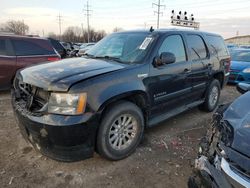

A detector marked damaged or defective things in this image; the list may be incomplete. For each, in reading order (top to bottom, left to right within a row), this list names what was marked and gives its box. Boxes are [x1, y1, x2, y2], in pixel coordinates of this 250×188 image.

crumpled hood [17, 57, 126, 91]
wrecked vehicle [12, 29, 230, 162]
wrecked vehicle [188, 83, 250, 188]
damaged front end [188, 97, 250, 187]
crumpled hood [223, 91, 250, 157]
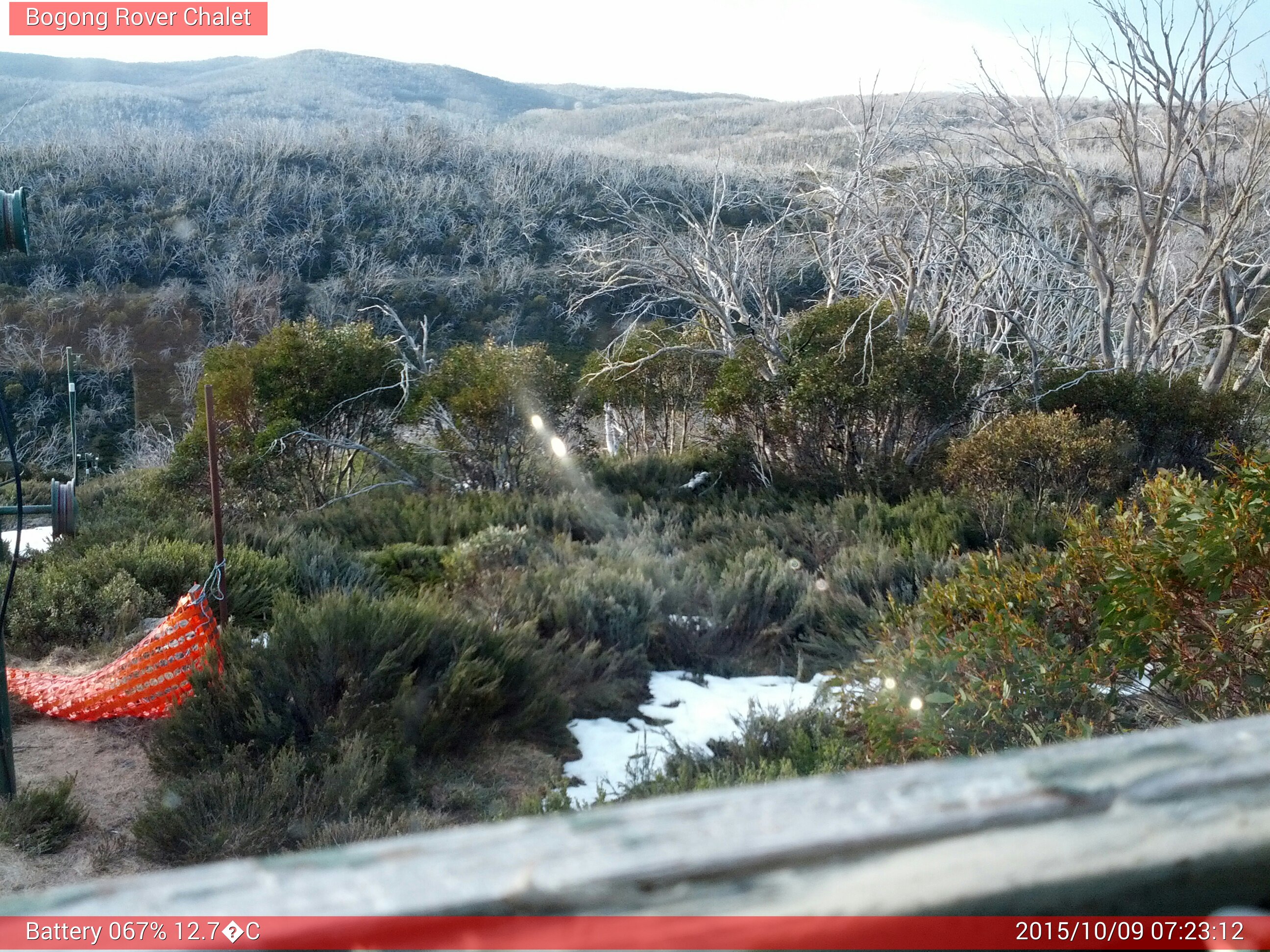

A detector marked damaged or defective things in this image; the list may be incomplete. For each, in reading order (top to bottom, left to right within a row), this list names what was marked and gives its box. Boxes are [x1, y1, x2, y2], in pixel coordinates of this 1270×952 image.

○ ○ ○ ○ ○ ○ ○

Give back the material above exactly as it appears, minus any picture.

A detector marked damaged or defective things in this image; the list may be incomplete. For each, in reading order (top to bottom, left to right within a row), this list names what was marked and gives its box. Boxes are [x1, y1, x2, y2], in pixel coordinates of this 250×188 image.

crumpled hood [17, 57, 126, 91]
wrecked vehicle [12, 29, 230, 162]
wrecked vehicle [188, 83, 250, 188]
damaged front end [188, 97, 250, 187]
crumpled hood [223, 91, 250, 157]

A detector marked damaged or defective things in this image; the list may be incomplete. For each, in reading order (top to bottom, left to right within a row), this list names what was marked and gives its box. Boxes are [x1, y1, x2, y2], in pixel coordinates of this 1270×952 image.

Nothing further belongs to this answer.